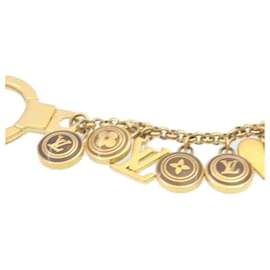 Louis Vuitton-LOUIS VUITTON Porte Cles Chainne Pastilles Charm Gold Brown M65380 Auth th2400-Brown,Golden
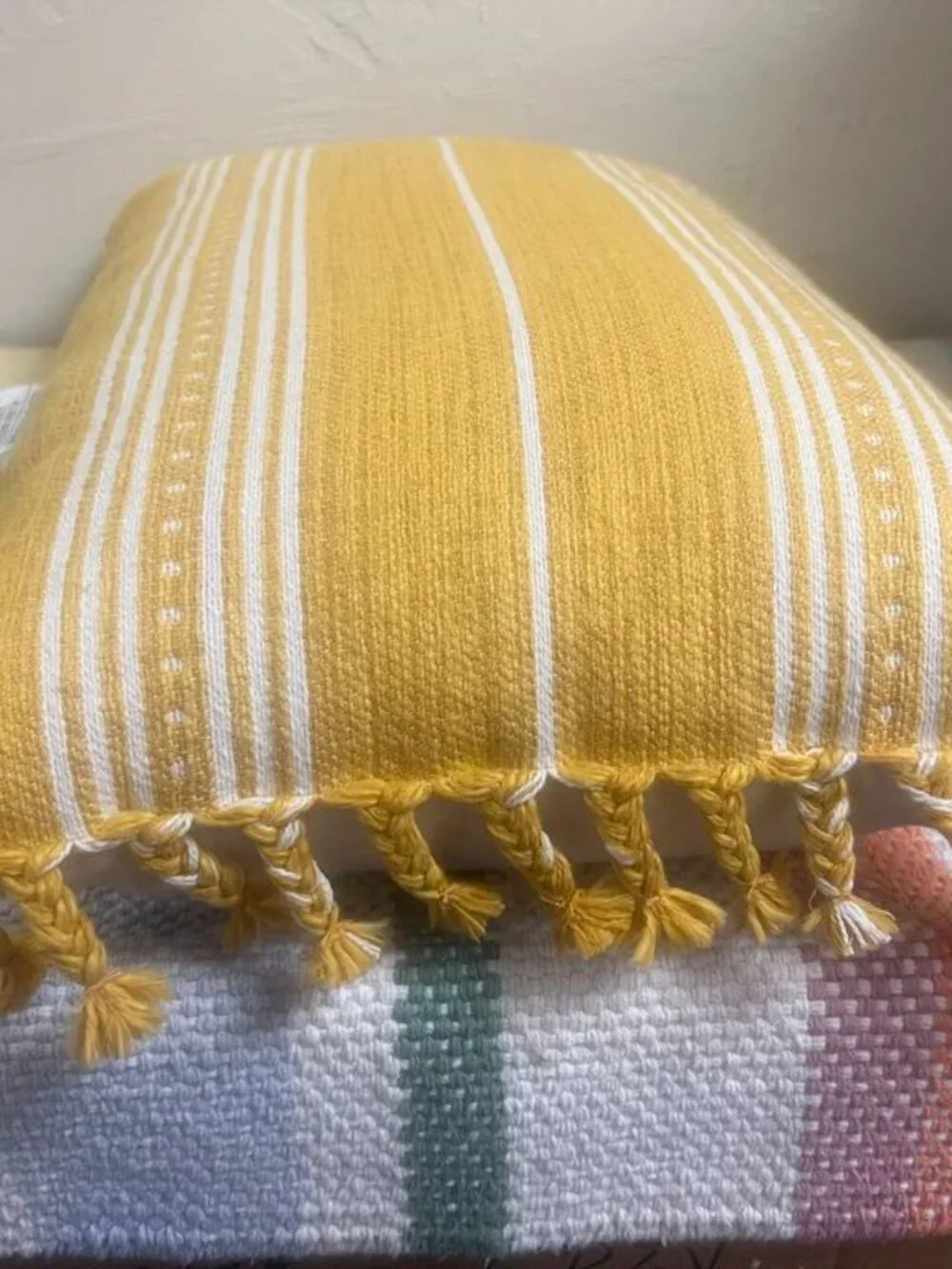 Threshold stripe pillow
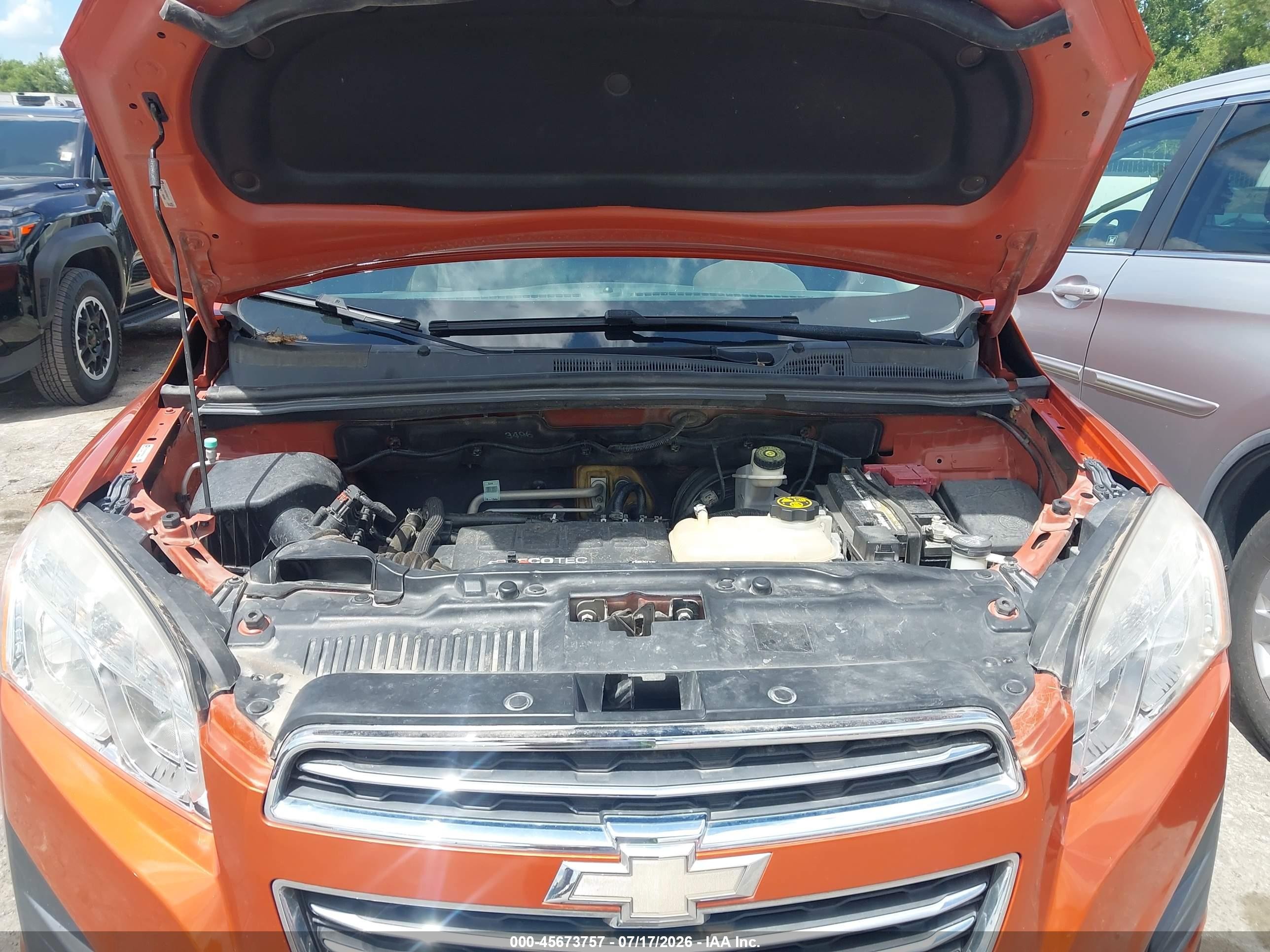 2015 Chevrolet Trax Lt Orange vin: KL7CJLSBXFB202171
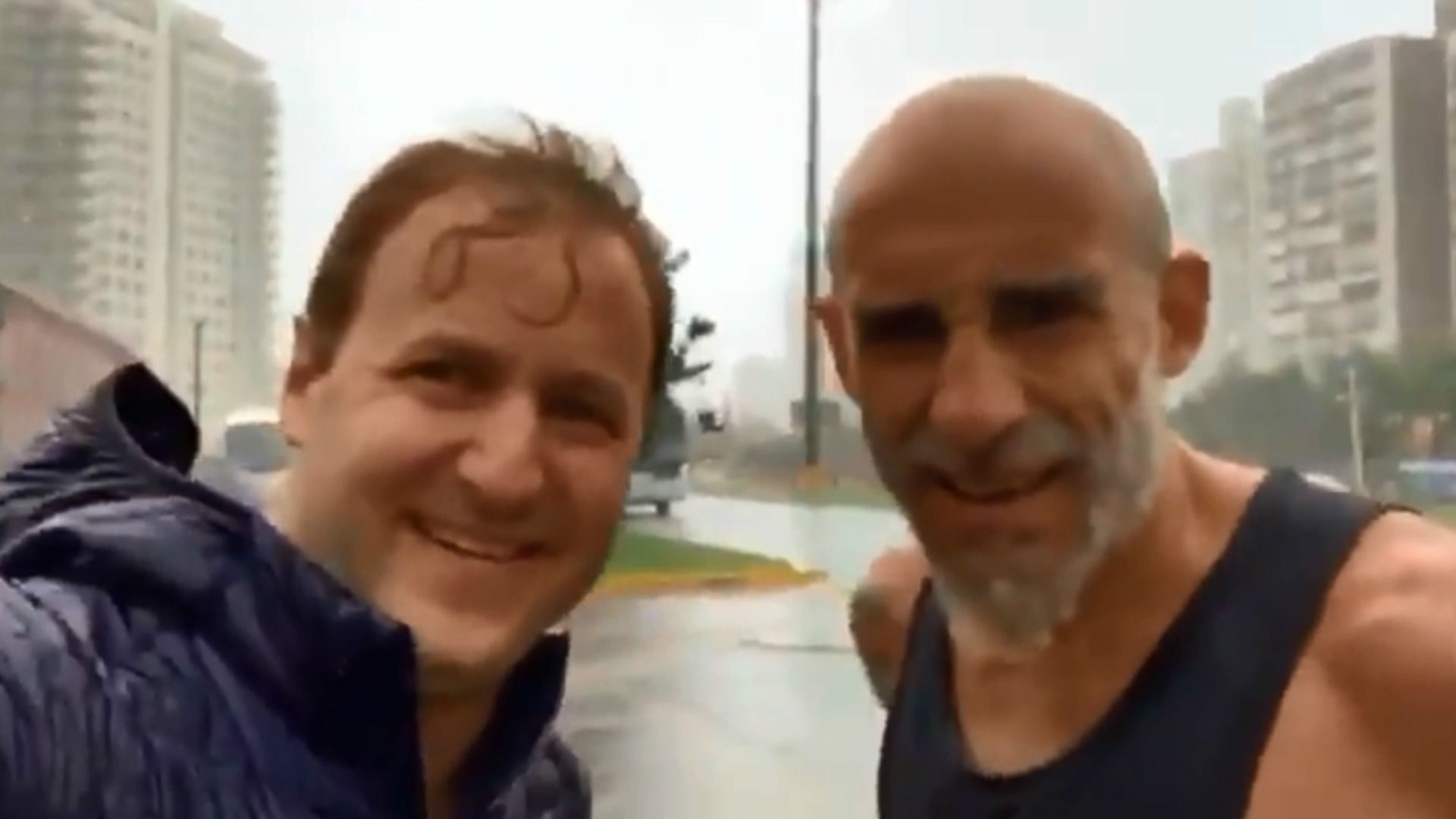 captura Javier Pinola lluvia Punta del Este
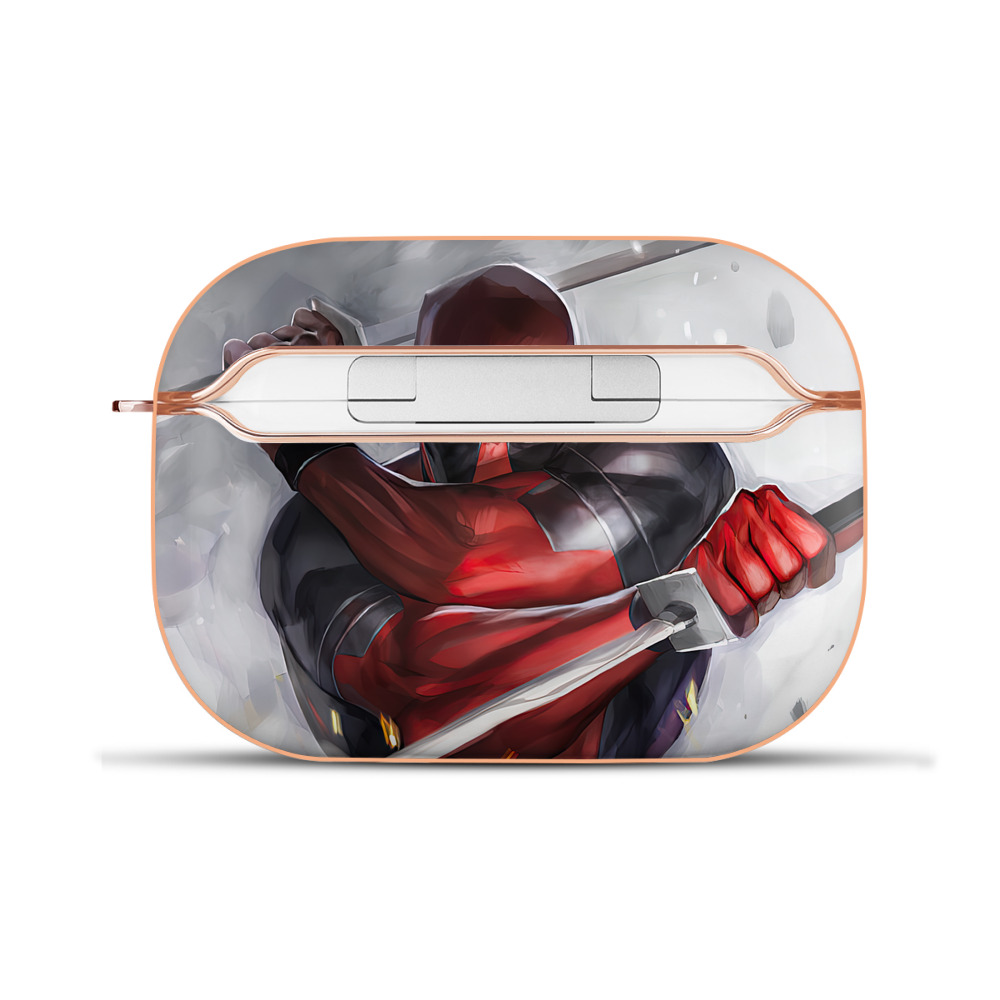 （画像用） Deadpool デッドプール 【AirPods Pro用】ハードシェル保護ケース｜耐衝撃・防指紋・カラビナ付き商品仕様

======

Every line of the data above should be returned exactly, with the pictures removed.

▶ _Answer to this exercise_:
 Louis Vuitton-LOUIS VUITTON Porte Cles Chainne Pastilles Charm Gold Brown M65380 Auth th2400-Brown,Golden
 Threshold stripe pillow
 2015 Chevrolet Trax Lt Orange vin: KL7CJLSBXFB202171
 captura Javier Pinola lluvia Punta del Este
 （画像用） Deadpool デッドプール 【AirPods Pro用】ハードシェル保護ケース｜耐衝撃・防指紋・カラビナ付き商品仕様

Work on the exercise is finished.